# SMS von 1232111



## Kannibolus (20 August 2011)

Hallo,
habe gestern eine SMS von 1232111 bekommen mit dem Wortlaut "Anbei erhalten Sie den Bezahlcode zur Bestellung eines kostenpflichtigen Dienstes in Höhe von 1,49 EURO: "Bezahlcode""
habe heute auf meine EPLUS-Seite geschaut um nachzusehen, ob etwas abgebucht wurde. Bis jetzt noch nicht. Habe einen Vertrag bei Eplus.
Kann man die SMS ignorieren, oder was kann man dagegen tun?

Hatte glaub ich auch schon vorgestern eine die gleiche SMS bekommen. Habe Sie aber ausversehen schon gelöscht. Kurz danach kommt eine Email von einer Person, welche Kontakt sucht.
Heute hat mir eine Person eine SMS geschrieben, von einer gewissen Petra.

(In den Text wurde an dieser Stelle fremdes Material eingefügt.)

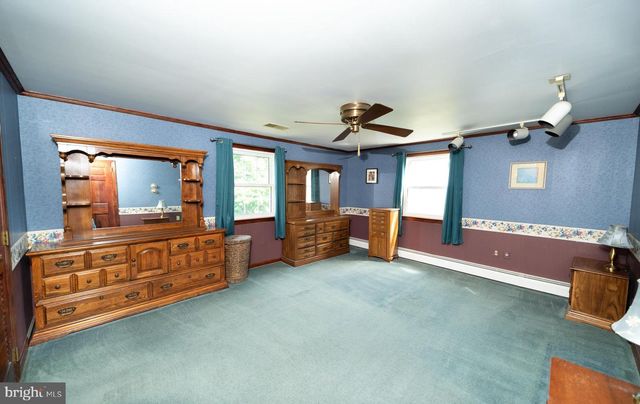 100 ALBRIGHT DR, Hanover, PA 17331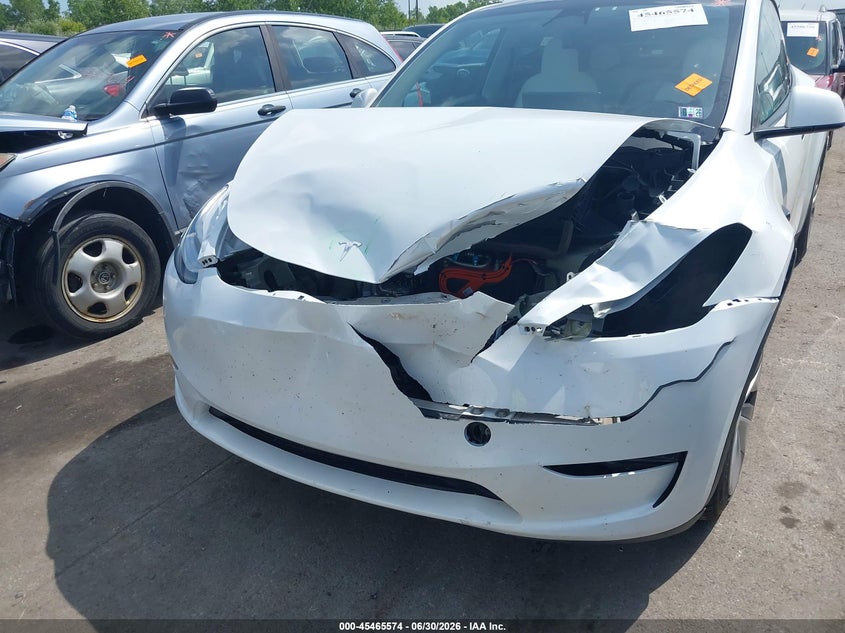 2023 Tesla Model y VIN 7SAYGDEE6PA114929 IAAI salvage auction — FRONT END, Salvage (Pennsylvania), sold $8,600 on 2026-07-09 (photo 6)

Sie meinte das wir gestern SMS Verkehr hatten. hängt Sie mit der oben genannten Person zusammen.


----------



## Hippo (20 August 2011)

Entweder das ist eine Lock-SMS oder Du hast Dich bei einem Smartphone mal verklickt.
1. Maßnahme >>> versuche bei Deinem Provider (E-Plus) eine Drittanbietersperre einrichen zu lassen.

Guggst Du auch da >>> http://forum.computerbetrug.de/rech...st-nicht-gleich-drittanbieter.html#post336140


----------